Violenza
fisica, violenza verbale, droga, prevaricazione, odio: questi sono i temi che
più spesso ricorrono tra i ricordi di gioventù nel rileggere le interviste ai
maggiori esponenti del rock alternativo e indipendente degli anni Novanta. Quella
di Trent Reznor, testa e cuore dei Nine Inch Nails, fa invece eccezione.

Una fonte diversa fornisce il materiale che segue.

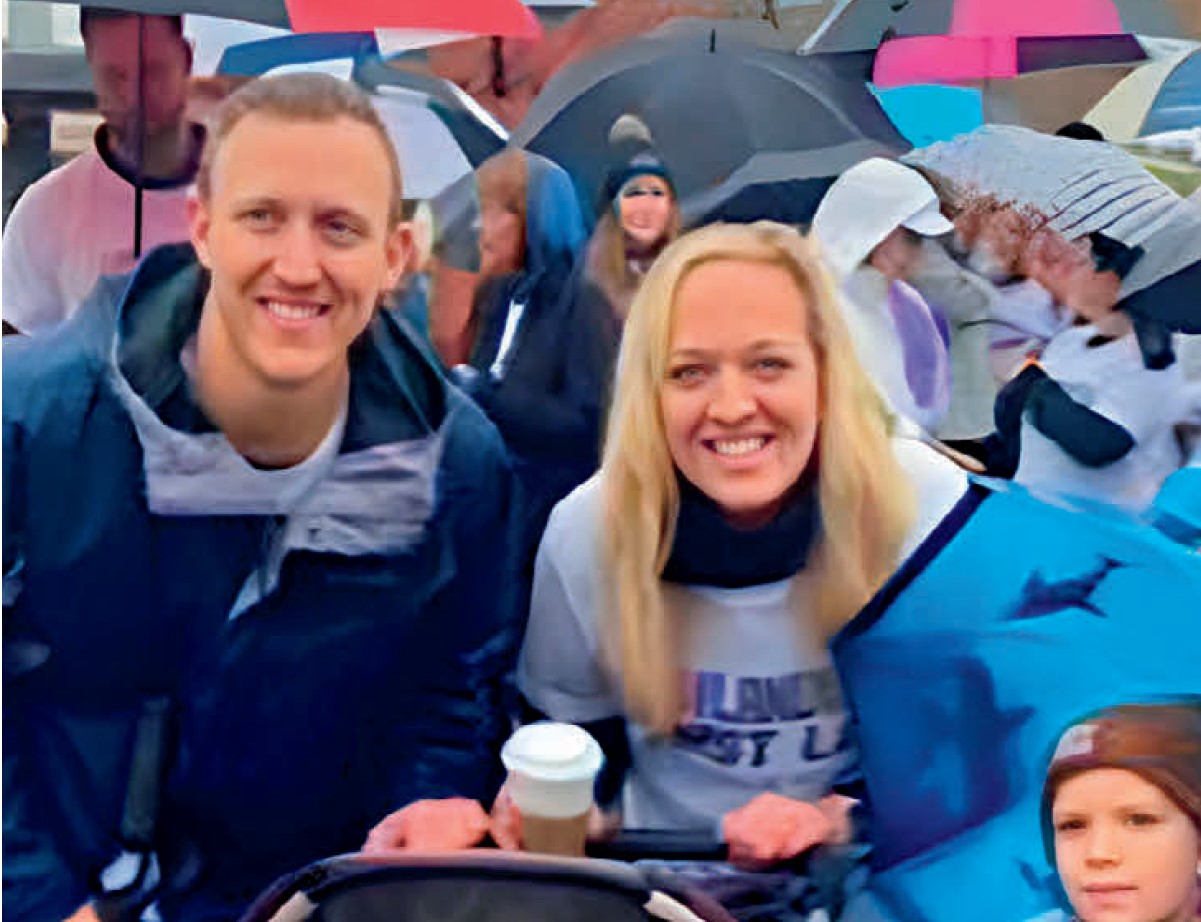 Smiling couple with a stroller in the rain.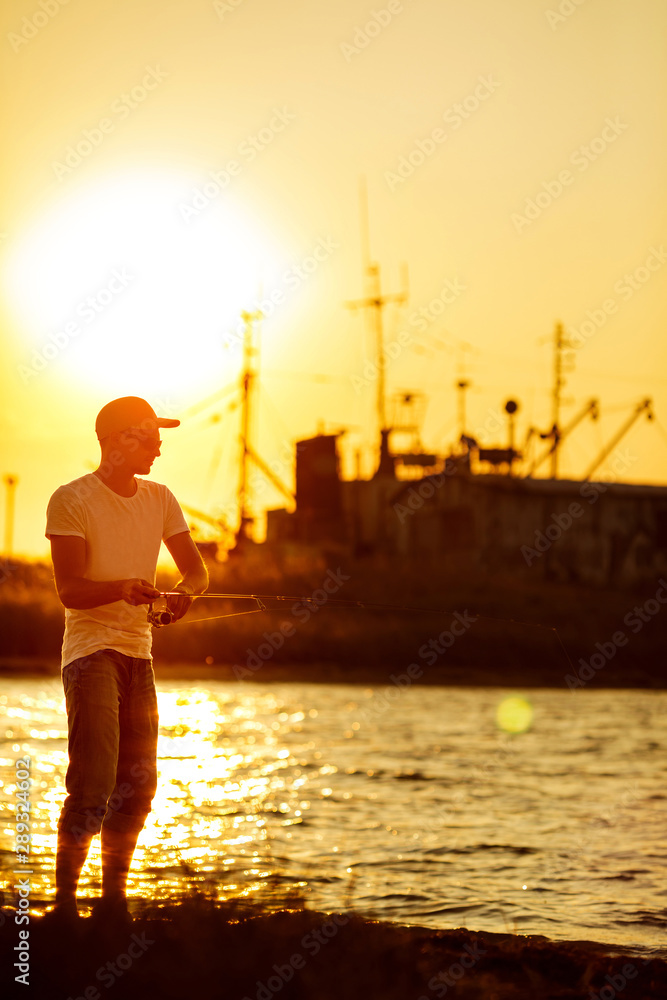 Fototapeta premium Young man fishing at sea from the shore at sunset. soft light. fisherman uses spinning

Nonostante sia stato uno dei più credibili e più riconoscibili narratori della
disperazione giovanile di quegli anni, la sua è stata una adolescenza
all’insegna della serenità, anche se passata per buona parte in assoluta
solitudine. L’amico con cui si ritrova più spesso nelle infinite giornate
passate nelle campagne della Pennsylvania non è un compagno di scuola né un
vicino di casa. È il 33 giri di The Wall
dei Pink Floyd. La sua collezione di dischi ha già raggiunto dimensioni
ragguardevoli ma sono le paranoie e le disperazioni messe su vinile da Roger
Waters le compagne con cui si ritrova più spesso e più volentieri e che faranno
da fondamenta alle sue creazioni future.
I suoi
ascolti giovanili cominciano pian piano a venire filtrati dalla sua sensibilità
personale e il risultato sono composizioni che Reznor fatica a trasformare in
canzoni soprattutto perché, alla prova dei fatti, non riesce a trasmettere ai
musicisti via via coinvolti come le canzoni dovrebbero suonare. Decide perciò,
pare ispirato da Prince, di fare di necessità virtù: noleggia una batteria
elettronica e impara a suonare da solo il resto degli strumenti che ha deciso
di utilizzare. Il risultato è Pretty Hate
Machine, che esce nel 1989 per la TVT Records. Abbondanti sono gli
inserimenti di sintetizzatori e di elementi ambientali. Non sono un musicista e
mi guardo bene dal dilungarmi su elementi tecnici (“Parlare di musica è come
ballare di architettura”, diceva quel tale) ma, giusto per dare l’idea, è un
genere che viene etichettato come industrial
rock e che qualche anno più tardi, con variazioni minime, farà la fortuna
di Marilyn Manson. Per essere un disco composto in gran parte nella propria
camera (le registrazioni avvennero al Right Track Studio di Cleveland dove
Reznor lavorava come tuttofare) l’accoglienza è stupefacente, con l’album che
si piazza al numero 75 delle classifiche americane.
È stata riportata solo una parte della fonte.